Kita perlu menjawab beberapa pertanyaan itu. Kemudian, menyusun beberapa solusi serta menerapkan solusi yang terus direvisi.

Saya adalah pendidik matematika berpengalaman lebih dari 30 tahun. Saya bisa mengajari anak-anak SMA yang sulit berhitung, di atas, sampai bisa berhitung dalam 1 pertemuan belajar saja. Tetapi masalah berhitung, dan matematika, bukan masalah satu atau dua siswa saja. Kita menduga ada ribuan atau jutaan siswa Indonesia yang tidak mampu berhitung.

1. Belajar Berhitung
2. Hadiah Berhitung
3. Gangguan Kalkulator
4. Gangguan AI
5. Diskusi

Solusi paling mudah untuk berhitung adalah ajarkan siswa dengan alat peraga konkret. Peraga paling mudah, untuk di Indonesia, adalah uang; uang kertas atau uang logam.

Untuk 2 tahun ada berapa bulan: sediakan uang 12 ribu untuk tiap 1 tahun; tanyakan ada uang berapa ribu untuk 2 tahun? Anak akan menjawab 24 ribu. Ada berapa bulan dalam 2 tahun? Anak akan menjawab 24 bulan. (Selesai). Masih banyak proses-proses kreatif yang bisa kita kembangkan untuk memajukan pendidikan.

1. Belajar Berhitung

Problem belajar berhitung adalah problem serius. Sayangnya, banyak orang dewasa menganggap remeh problem berhitung semacam 2 + 3 hasilnya berapa. Bahkan, banyak guru yang menganggap remeh juga. Mengapa? Karena orang dewasa itu sudah paham berhitung. Bagi anak yang belum paham, berhitung adalah tugas sulit; baik siswa TK, SD, SMP, SMA bahkan mahasiswa perguruan tinggi.
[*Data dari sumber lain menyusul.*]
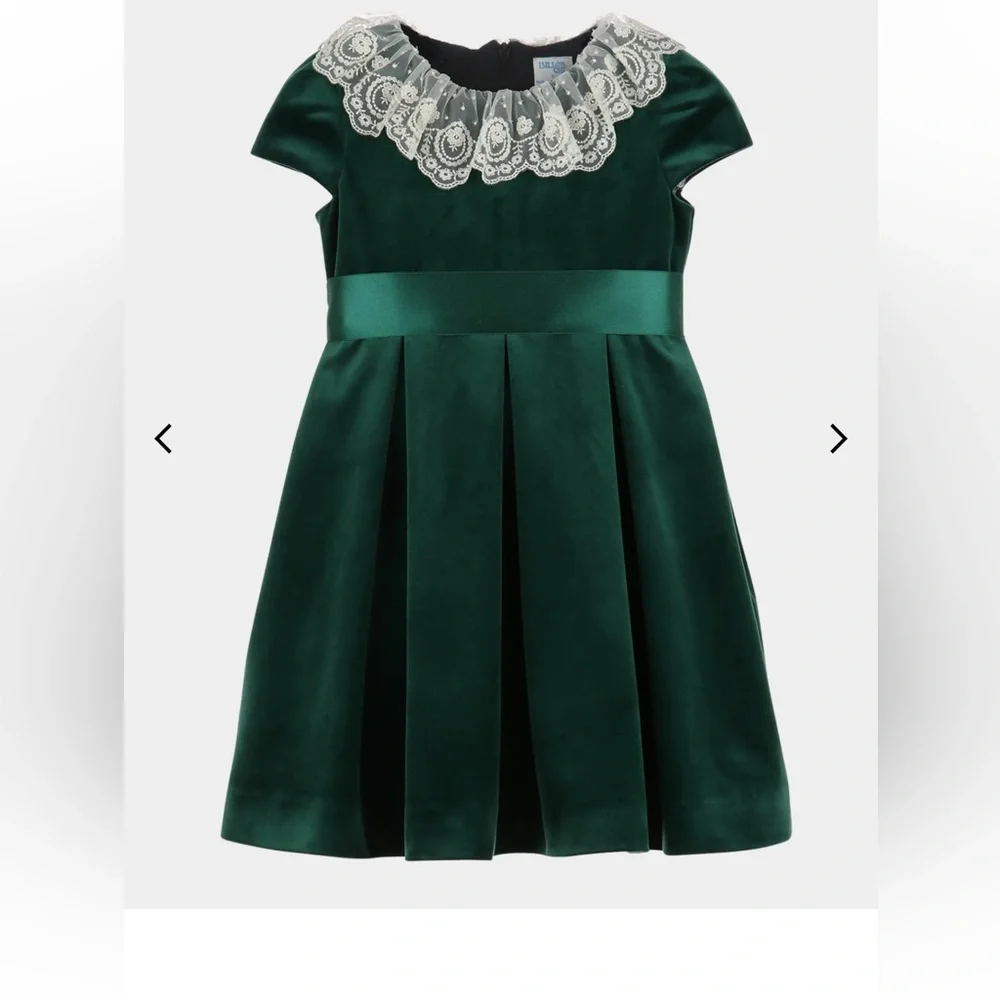 Luli & Me Girl's Pleated Velvet Lace-Collar Dress - Picture 3 of 4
Saya mengembangkan alat peraga berhitung ada puluhan sampai ratusan macam media; agar anak-anak bergembira kreatif dalam belajar berhitung dan matematika bersama paman APIQ.

2. Hadiah Berhitung

Hadiah adalah amat penting. Belajar berhitung perlu hadiah. Apa hadiah yang tepat?

Hadiah yang bagus adalah senyuman, tawa, dan rasa bahagia ketika belajar berhitung; menjelang dan setelah belajar berhitung. Hadiah paling bagus adalah anak paham berhitung itu sendiri. Anak merasa bangga dan bahagia karena paham berhitung. Tentu, kita bisa mengembangkan beragam jenis hadiah yang lebih variasi.
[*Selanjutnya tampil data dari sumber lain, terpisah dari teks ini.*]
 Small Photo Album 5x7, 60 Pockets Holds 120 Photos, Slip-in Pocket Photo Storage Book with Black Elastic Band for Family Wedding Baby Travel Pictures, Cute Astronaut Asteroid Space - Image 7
Sayangnya, hadiah yang mudah di atas sudah dirampas dari siswa. Banyak siswa stres lantaran belajar berhitung atau matematika. Hasil akhirnya, siswa tetap tidak paham matematika. Sungguh menyedihkan.

Problem lebih rumit ketika hadiah jangka panjang dirampas pula: berhitung tidak berguna untuk kerja mau pun untuk melanjutkan sekolah tingkat lebih tinggi. Untuk mendapat pekerjaan cukup menjalin relasi tertentu dengan penguasa atau pengusaha. Untuk melanjutkan sekolah cukup dengan jalur zonasi atau jalur mandiri atau lainnya. Lengkap sudah problem pendidikan kita.

3. Gangguan Kalkulator

Kita sadar bahwa kalkulator adalah gangguan besar dalam belajar berhitung. Sehingga, kita melarang anak kecil untuk menggunakan kalkulator. Bagaimana dengan gangguan internet dan AI?

4. Gangguan AI

Tentu saja gangguan AI (akal imitasi / artificial intelligence) sangat ngeri bagi negeri ini. Jika kalkulator menyebabkan siswa malas belajar berhitung maka AI menyebabkan siswa malas belajar segala hal. Karena AI bisa menjawab segala hal; andai jawaban AI benar bisa dipercaya. Sayangnya, jawaban AI sering halusinasi alias ngawur.

5. Diskusi

Banyak hal yang bisa kita kaji.

Bagaimana menurut Anda? Mari kita bahas sebagian di antaranya.

[a] Solusi Sederhana

Solusi paling sederhana adalah kita membekali siswa, guru, dan orang tua dengan kemampuan belajar matematika yang kreatif; misal Anda bisa belajar matematika kreatif melalui buku, web, dan video paman APIQ. Ketika para siswa menguasai cara belajar matematika kreatif maka mereka pasti mampu berhitung dengan tepat dan cepat. Jadi fenomena “siswa SMA tidak bisa berhitung” sudah selesai.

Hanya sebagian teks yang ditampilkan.